Don't get me wrong. The sentiments expressed were true and powerful, and I clicked the "like" button on many of them.
But I began to wonder, as I read them all, how often we latch onto the words and lives of others as a way to avoid expressing our own words and living our own lives.
Back in 2006 while visiting Toronto, I was privileged to attend a Barbra Streisand concert. It was a performance that more than filled the city's vast Air Canada Centre. I wrote about that experience here two years ago, in a post titled Larger Than Life.
"Whatever you think of Barbra Streisand's talent or personality," I wrote, "when you are in her energy field, you touch that [limitlessness of your soul's natural state] and your soul cries out, 'Me too! That's who I am, too!!'
"Here in the Western world, where we have been taught to play small, we transfer all of our natural desire for the fenceless world of a life lived large to our movie stars and sports heroes.
"If we can't play out our own passion and power, we play it out through a celebrity cult that's no healthier than any other cult, one we also find in countries with charismatic leaders/dictators, in religions with unapproachable gods and in all situations where we abdicate the expression of our infinite nature to someone or something outside of ourselves."
How much of the grief for Jobs, I began to wonder, is not about the death of a brilliant man whose visions touched so many but about the death of a figure who publicly lived so much of the courage, vision, sense of purpose and uncompromising adherence to inner truth that so many of us shrink from in our own lives.
Steve Jobs was not unusual. We all have the same access to the same infinite pool of wisdom, courage, purpose and inner truth that he did...not to mimic his journey and follow his bliss, but to uncover and follow our own...wherever it might carry us.
In my novel, The MoonQuest, very much a metaphor for all our journeys, the main character, Toshar, is destined for a greatness he continues to resist. Yet destiny, as he is constantly reminded, is not cast in stone. There is always a choice.
"Every choice you have ever made," Toshar is told, "has led to this moment...of choice."
"The power to choose is always ours," I wrote in Larger Than Life. "In every moment and through every situation, we're offered the opportunity to choose our greatness, our passion, our light."

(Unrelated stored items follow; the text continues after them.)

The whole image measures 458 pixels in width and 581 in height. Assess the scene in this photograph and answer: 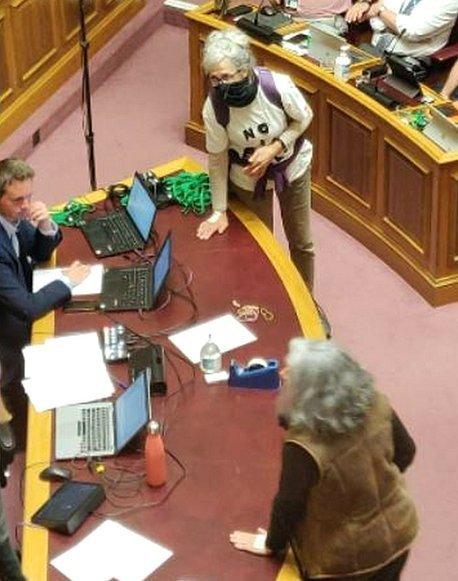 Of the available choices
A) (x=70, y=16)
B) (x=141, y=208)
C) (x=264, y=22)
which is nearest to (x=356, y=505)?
(x=141, y=208)

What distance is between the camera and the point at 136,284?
499cm

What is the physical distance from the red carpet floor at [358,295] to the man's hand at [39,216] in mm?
1016

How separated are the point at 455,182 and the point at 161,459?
92.6 inches

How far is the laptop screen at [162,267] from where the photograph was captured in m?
4.86

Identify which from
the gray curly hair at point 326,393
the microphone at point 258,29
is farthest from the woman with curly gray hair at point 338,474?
the microphone at point 258,29

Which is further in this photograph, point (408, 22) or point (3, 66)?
point (3, 66)

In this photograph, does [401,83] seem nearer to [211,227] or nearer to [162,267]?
[211,227]

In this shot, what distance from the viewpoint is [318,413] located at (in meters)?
3.36

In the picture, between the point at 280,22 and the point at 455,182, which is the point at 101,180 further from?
the point at 455,182

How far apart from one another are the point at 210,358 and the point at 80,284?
0.75 m

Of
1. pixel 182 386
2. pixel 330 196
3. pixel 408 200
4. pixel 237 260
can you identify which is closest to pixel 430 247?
pixel 408 200

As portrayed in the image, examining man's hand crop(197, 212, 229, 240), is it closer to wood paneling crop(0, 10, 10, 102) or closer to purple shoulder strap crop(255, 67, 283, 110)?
purple shoulder strap crop(255, 67, 283, 110)

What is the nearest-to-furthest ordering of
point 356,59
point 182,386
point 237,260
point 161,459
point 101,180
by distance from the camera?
point 161,459
point 182,386
point 237,260
point 356,59
point 101,180

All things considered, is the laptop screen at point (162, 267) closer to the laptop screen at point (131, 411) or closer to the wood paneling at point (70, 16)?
the laptop screen at point (131, 411)
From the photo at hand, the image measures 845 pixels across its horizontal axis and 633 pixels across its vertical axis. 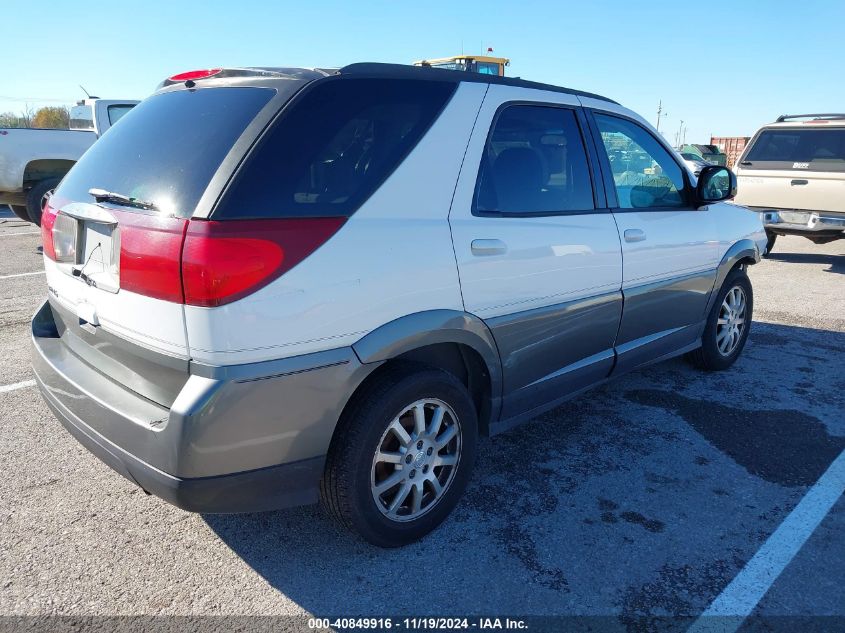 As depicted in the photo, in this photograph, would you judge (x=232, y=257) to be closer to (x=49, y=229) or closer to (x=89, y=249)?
(x=89, y=249)

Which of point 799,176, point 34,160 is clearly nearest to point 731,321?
point 799,176

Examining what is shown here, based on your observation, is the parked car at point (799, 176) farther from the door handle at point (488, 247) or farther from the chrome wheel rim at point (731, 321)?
the door handle at point (488, 247)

The best tribute to Steve Jobs is to not quote his words but to live them, to not restate his wisdom but to find and write your own, to not honor the choices of his heart but to listen to and honor the choices of yours, to not look backward but to live in the present moment as you step forward into the next.
It's time to awaken your vision. It's time to rekindle your passion. It's time to live your greatness.
If that becomes Steve Jobs's legacy, the revolution in each of our lives -- and in the world -- will only have just begun.